Saturday Night at The Howff with Gil De Ray, Declan Welsh & The Decadent West and Lizzie Reid
howff /haʊf/. A favourite meeting place or haunt, especially a pub.
Welcome to Saturday night at the Howff, Bella’s lounge for the lockdown with Gil De Ray, SAY award nominee Declan Welsh & The Decadent West and Lizzie Reid.
‘Seamless’ is the second of two recent single releases from Glaswegian singer-songwriter Lizzie Reid. Both are reflections on break-ups, but ‘Seamless’ takes a more sombre stance than the acquiescent and optimistic ‘Tribute’. Seamless is a sincere and heartbroken song, opening with tender guitar chords evocative of the most solitary of bedroom concerts. Reid’s mournful vocals are warm and clear, akin to the likes of Julia Jacklin, and beautifully complimented by elegant, stirring strings. The result is a mature and poignant take on love lost; an honest and melancholy contemplation on all that went wrong, and all that was gained.
Reid says of the track : “I listened to the demo on the train from London to Glasgow. I had tears streaming down my face. That was when I realised, I had written something deeply personal to me.”
Growing up in suburban East Kilbride and now based in Glasgow, Declan Welsh is a poet and songwriter that has managed to cement his individuality by putting humanity at the core of his comments about today’s current affairs. Along with his band The Decadent West, Welsh is here to use his music as a catalyst for hope and for change. Their SAY award winning album, Cheaply Bought, Expensively Sold, was actually released on this weekend last year but is in the 2020 shortlist for album of the Year.

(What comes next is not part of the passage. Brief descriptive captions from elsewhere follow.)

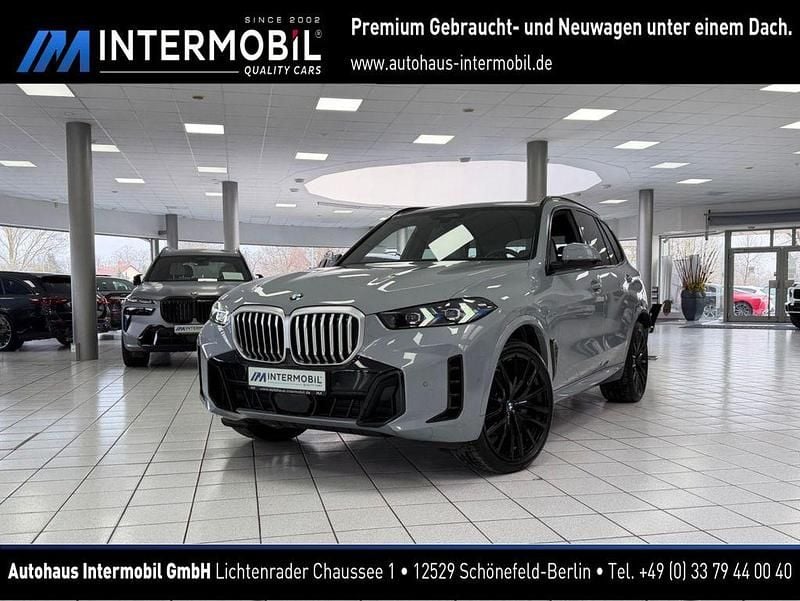 Gebraucht BMW X5 M Sport 340 PS (250 kW) 2024 Grau SUV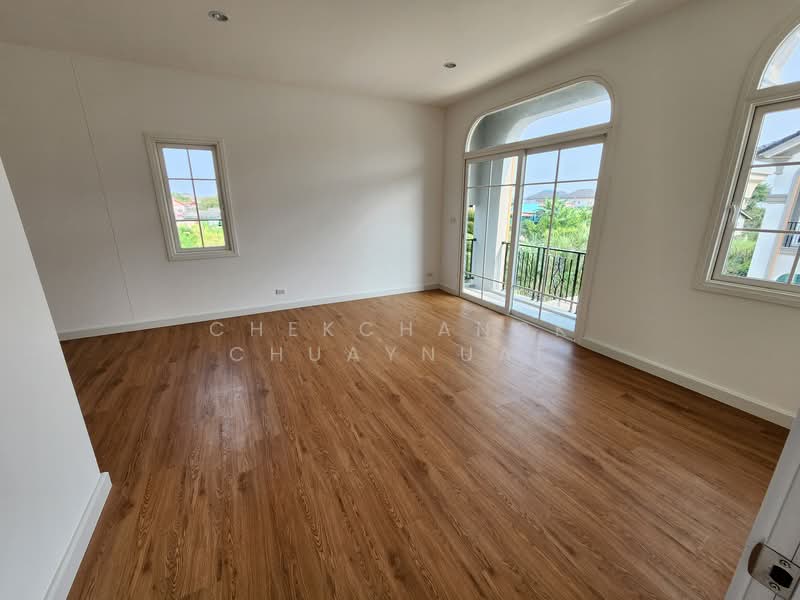 Prestige Rama 9-Krungthep Kreetha, Bangkok, คู่ขนานกาญจนาภิเษก, Saphan Sung, Saphan Sung, Bangkok, 4 Bedrooms, 220 sqm, Single Detached House For Sale, by Chekchanok Chuaynual, 500166952 - DDproperty.com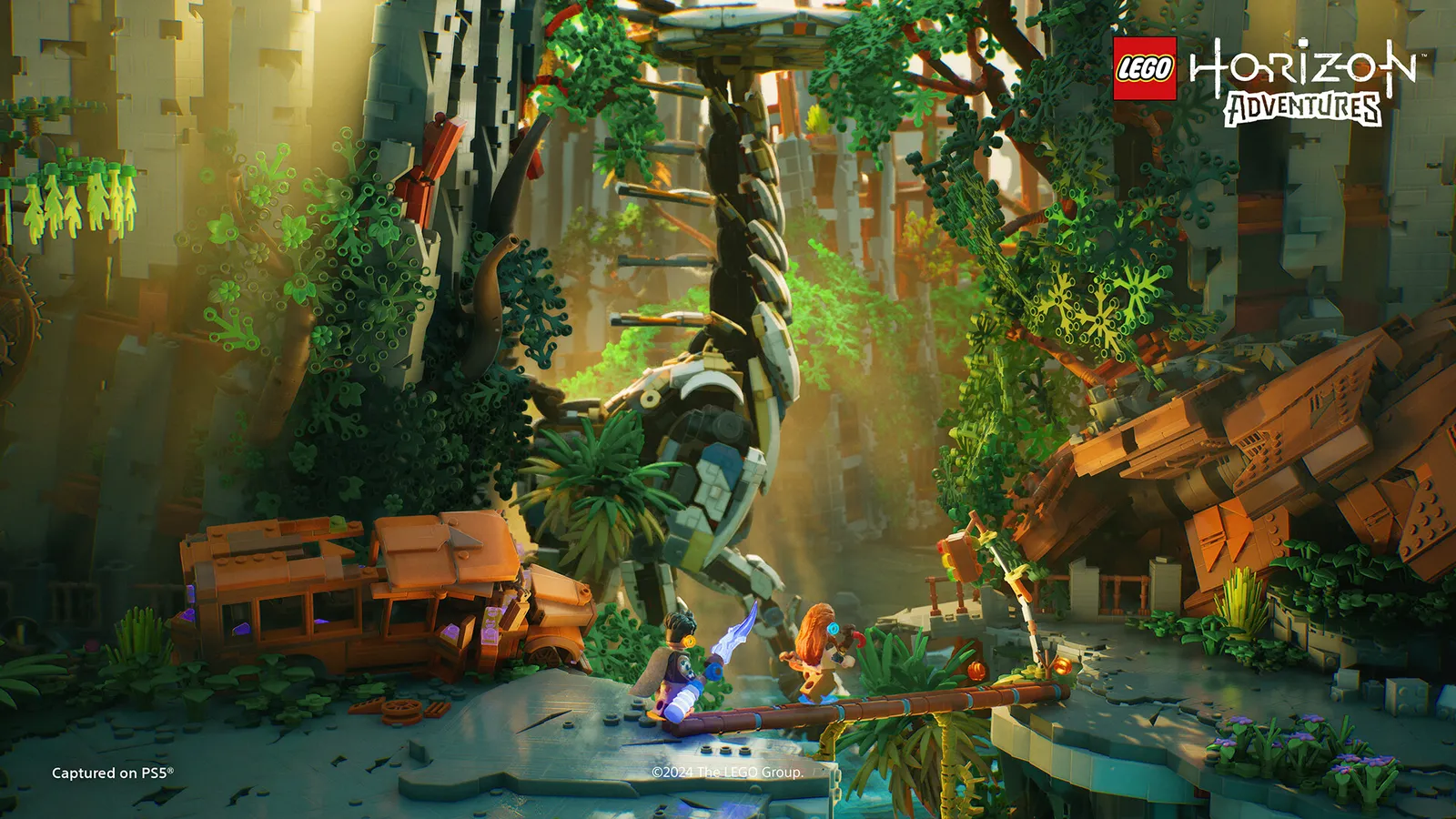 LEGO® Horizon Adventures™ captura de pantalla 1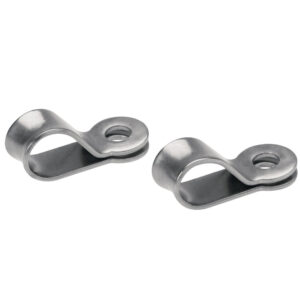 Image 1: Barton Traveler Eye (Pair) - Size 0, 16mm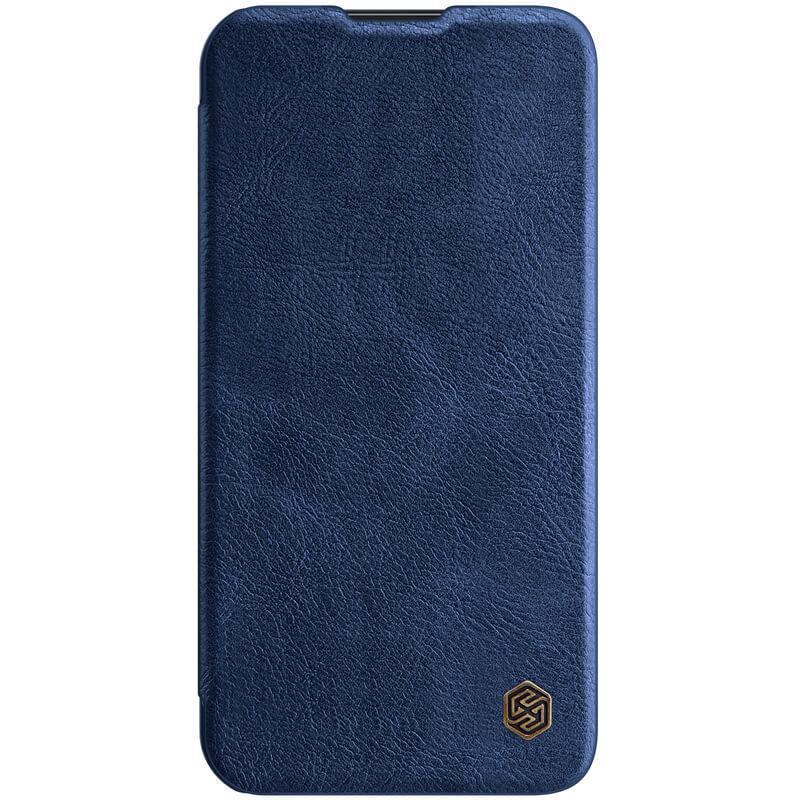 Nillkin Qin Pro Series CamShield Leather case iPhone 13 Pro Max - Three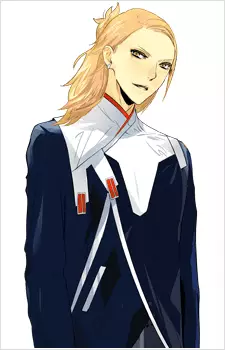imagem de capa do personagem Kal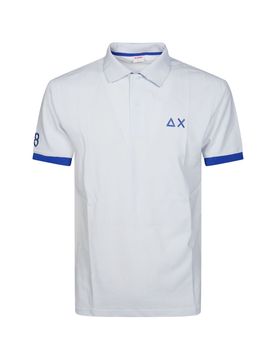 Sun 68 Classic Mini T-Shirt for Men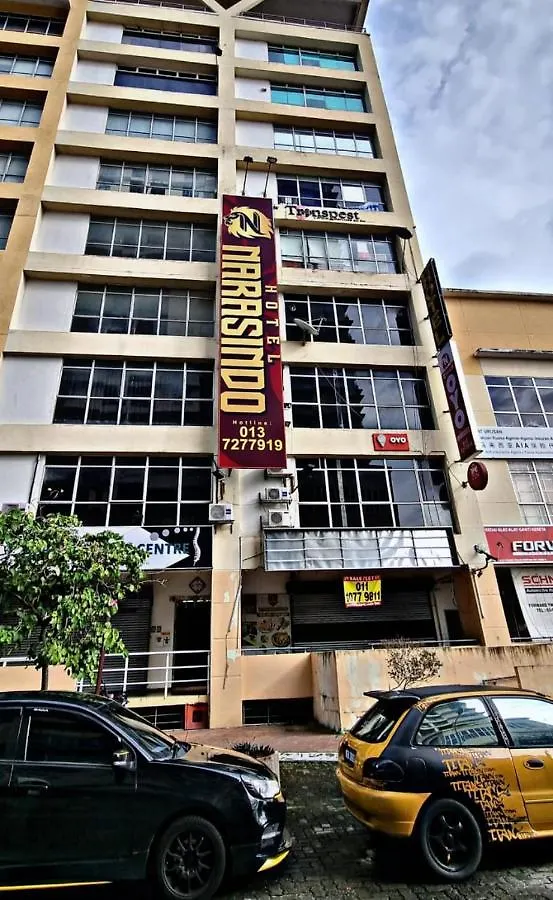 Apartment West View Hotel Kuala Lumpur Malaysia
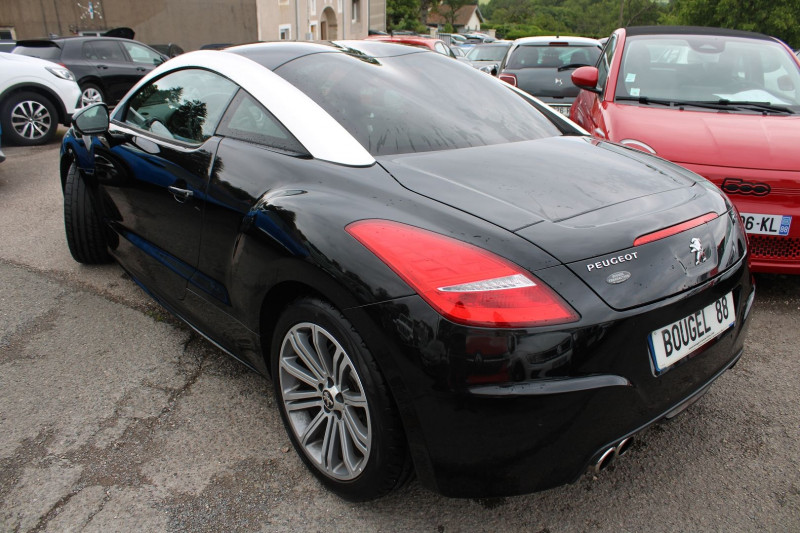 Photo 2 de l'offre de PEUGEOT RCZ PACK THP 156 CV CLIM BECQUET ELECT AUDIO USB RE JA 18 RADAR BLUETOOTH RÉGULATEUR à 13990€ chez Bougel transactions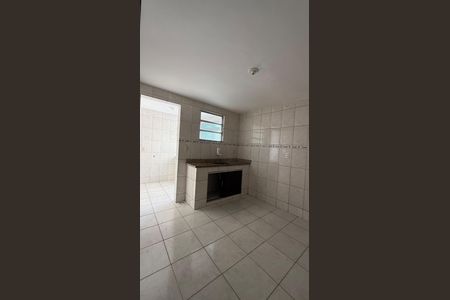 Cozinha de casa para alugar com 2 quartos, 110m² em Curicica, Rio de Janeiro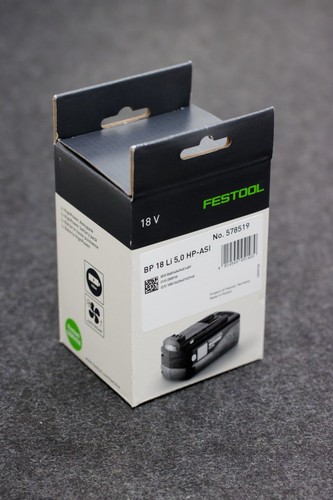 Batteria nuova festool 18 - festool, bp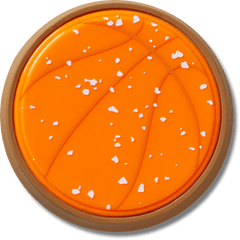 Women|Men|Jibbitz™ Charms IcedVice Reflective Basketball Jibbitz™ charms | Crocs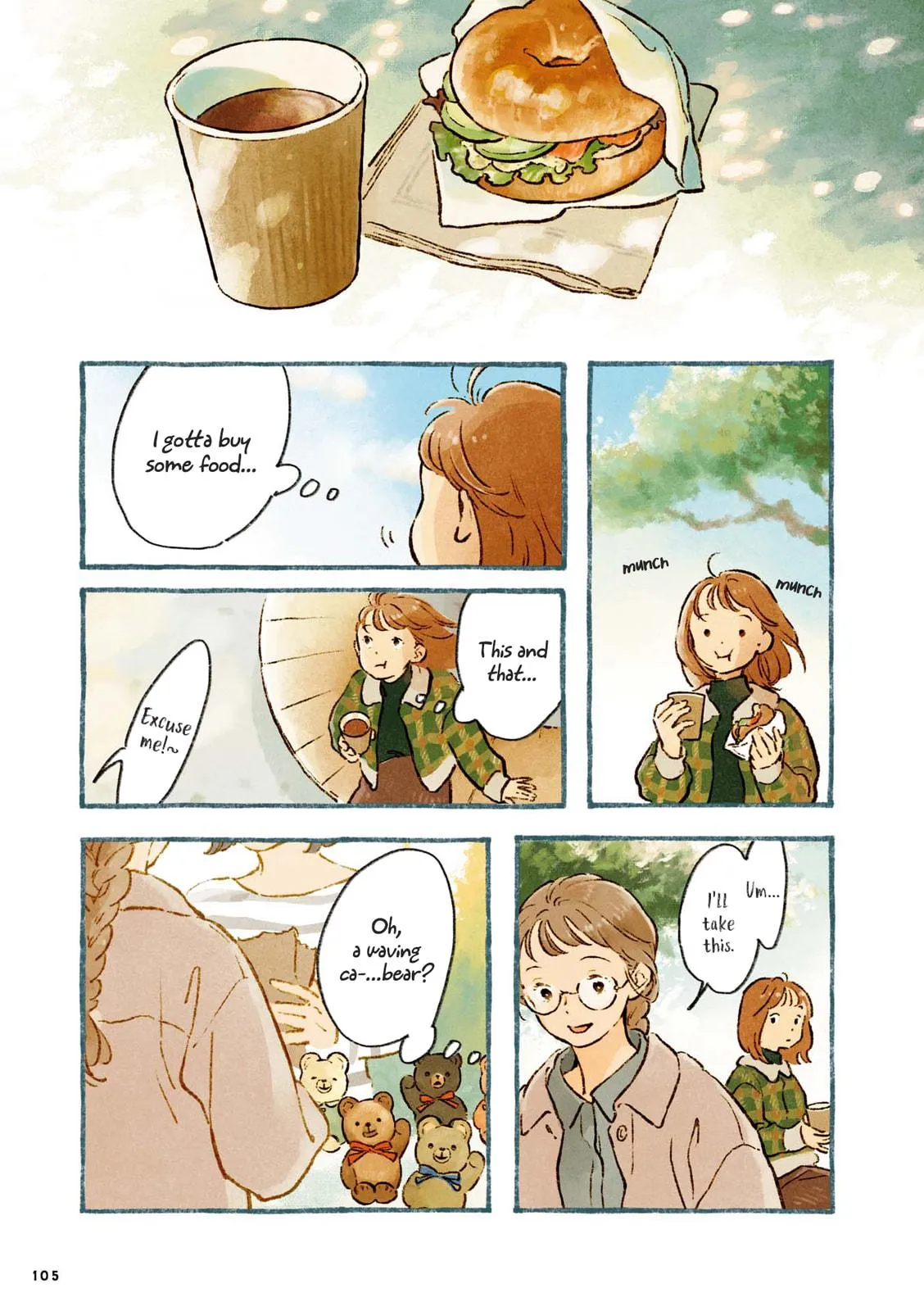 Read Homebodies chapter 5 image 14 on Lezhin
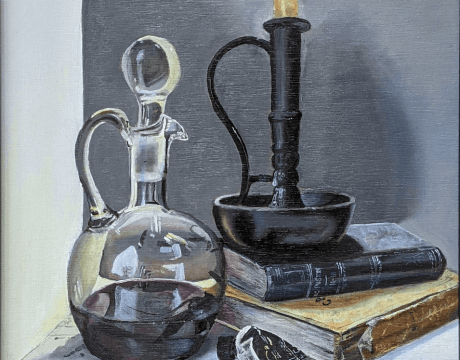 Persoonlijk stilleven I 
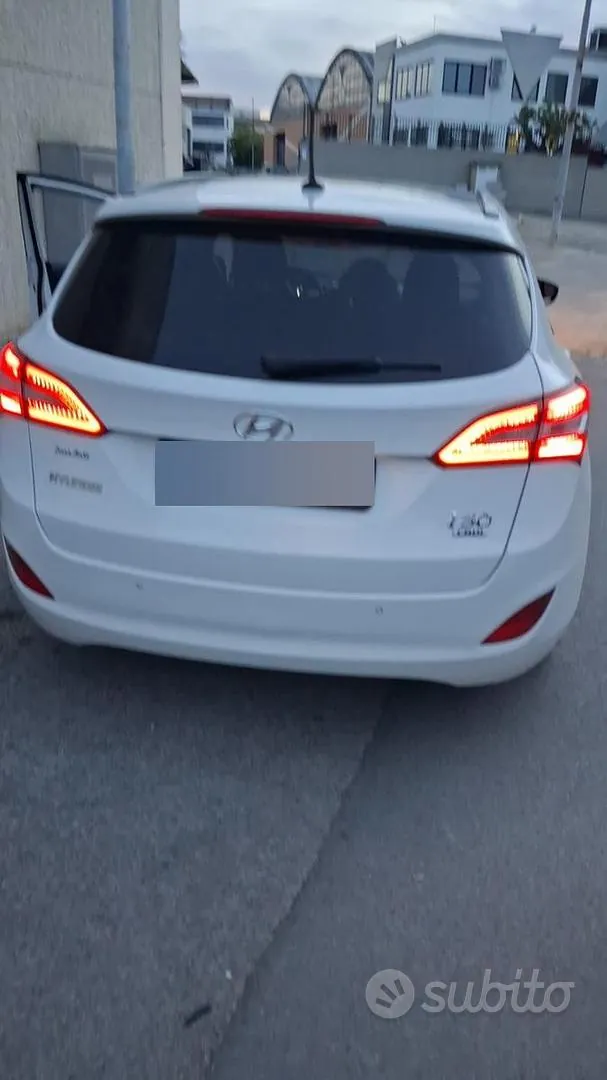 Hyundai I30 2014 photo 3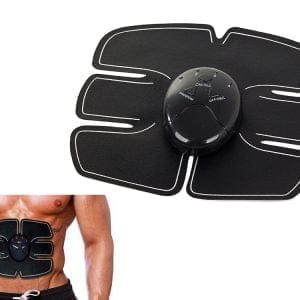 Elektrostimulator za trebušne mišice EMS masažer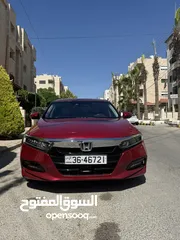  1 هوندا اكورد 2018 فحص كامل فل كامل وارد امريكا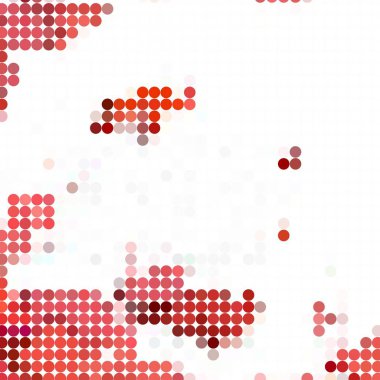 Geometrik desenli soyut arkaplan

Recorded at 7west and produced by Glasgow staple Chris Marshall, the album affirms the message that politics are always personal. They’re tethered to our every day and whether it’s through music, social media or conversations with friends, this need for collective comfort and camaraderie is more important than ever. As opener and single ‘No Fun’ cheekily asks in a London accent, who even listens to guitar music anymore? For Welsh and The Decadent West, it’s a need to create messages of solidarity to those that feel lost and unheard, providing an insatiable, refreshing contrast to the squawking suppressors.
Gil De Ray’s 8th self released album Voodootron blends electronic production with raw psychedelia and Stooges-style existential indignation, and a slice of LoFi All Stars party music.
The album is produced in collaboration with the Helsinki-based Parisian musician, Benjamin Floor Trauma and is accompanied with a post-apocalyptic graphic novel tale by Gil which was inspired by the songs. The story is about psychedelics saving the world, inspired by the work of Terence McKenna and experiments with the sacred mushroom.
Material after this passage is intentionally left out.